Claro que si aplicamos el análisis literario a hechos políticos, podríamos preguntarnos a qué subgéneros narrativos pertenecería la aparición en Barcelona de Carles Puigdemont con su posterior fuga. La tentación más fácil es atribuirle un carácter épico, considerarlo una epopeya, donde un personaje al que se aplica rasgos heroicos, al menos parte del público así se lo concede, no la otra, se enfrenta a circunstancias adversas para así acometer su misión. De hecho, buena parte de lo que denominamos el procés no ha carecido de elementos épicos. Entre otros, hubo una constante mezcla de realidad y fantasía a la hora de explicar los argumentos en pro, y en ocasiones también en contra.

Sin embargo, resulta imposible no acudir a una cita de Marx que estos días se repite con cierta frecuencia: «La historia ocurre dos veces: la primera como una gran tragedia y la segunda como una miserable farsa».

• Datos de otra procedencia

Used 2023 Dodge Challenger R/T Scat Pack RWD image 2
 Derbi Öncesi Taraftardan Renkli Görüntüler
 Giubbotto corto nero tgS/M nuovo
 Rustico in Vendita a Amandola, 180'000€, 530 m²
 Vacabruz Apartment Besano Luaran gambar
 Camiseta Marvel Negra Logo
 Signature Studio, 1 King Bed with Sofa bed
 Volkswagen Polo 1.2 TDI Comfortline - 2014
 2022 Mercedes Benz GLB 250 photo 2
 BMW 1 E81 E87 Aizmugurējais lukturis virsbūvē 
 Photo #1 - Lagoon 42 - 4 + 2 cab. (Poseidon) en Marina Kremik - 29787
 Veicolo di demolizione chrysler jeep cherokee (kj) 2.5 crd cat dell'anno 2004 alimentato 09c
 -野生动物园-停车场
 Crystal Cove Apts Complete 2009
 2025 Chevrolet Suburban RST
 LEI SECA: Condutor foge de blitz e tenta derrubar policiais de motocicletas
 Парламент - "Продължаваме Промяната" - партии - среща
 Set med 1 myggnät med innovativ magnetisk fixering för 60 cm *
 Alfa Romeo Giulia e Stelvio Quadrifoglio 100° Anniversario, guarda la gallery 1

Porque tras prometer su vuelta, el Sr. Puigdemont ha querido dotar a su acto de presencia de cierta comicidad y quién sabe si rodearlo también de un tono burlesco, aunque no pretendía sin duda quitarle solemnidad a la misma y sobre todo a sí mismo. Fue verdad: regresó, así lo fue indicando durante las últimas semanas, aun cuando no fuera él el candidato a president y a pesar de insistir en el carácter autoritario del Estado español. En su momento, durante el proceso soberanista, se insistió por parte de dirigentes políticos independentistas que España no era una democracia real, que se parecía a Turquía, que los catalanes estaban marginados y perseguidos en la actual España, se llegó a decir que su situación era la de los negros norteamericanos, en aquella altura víctimas algunos de sus ciudadanos de trato vejatorio, incluso asesinados por la policía, y tras su fuga, instalado en su residencia de Waterloo, el propio Puigdemont se comparó con los exiliados republicanos de 1939. Aquí hubo tal vez demasiada épica. Un verdadero empacho. Ni una palabra sobre los intereses de Artur Mas, en un momento de absoluto cuestionamiento de sus políticas y de su figura, cuando todo hacía aguas en Cataluña, para desviar la atención pública y acogerse al tema nacional para una operación de evidente ingeniería social, que por cierto le salió vagamente bien, cambió el eje del debate público y arrastró incluso a una organización anticapitalista como las CUP que acabó teniendo un papel subalterno de la derecha catalana. Siendo cierto lo indicado por Rosa Luexemburgo, «quien no se mueve no siente las cadenas», lo cierto es que no se puede comparar los mecanismos represivos de la España actual con otros escenarios geográficos o temporales. Una España, por cierto, que no es eterna ni irreformable.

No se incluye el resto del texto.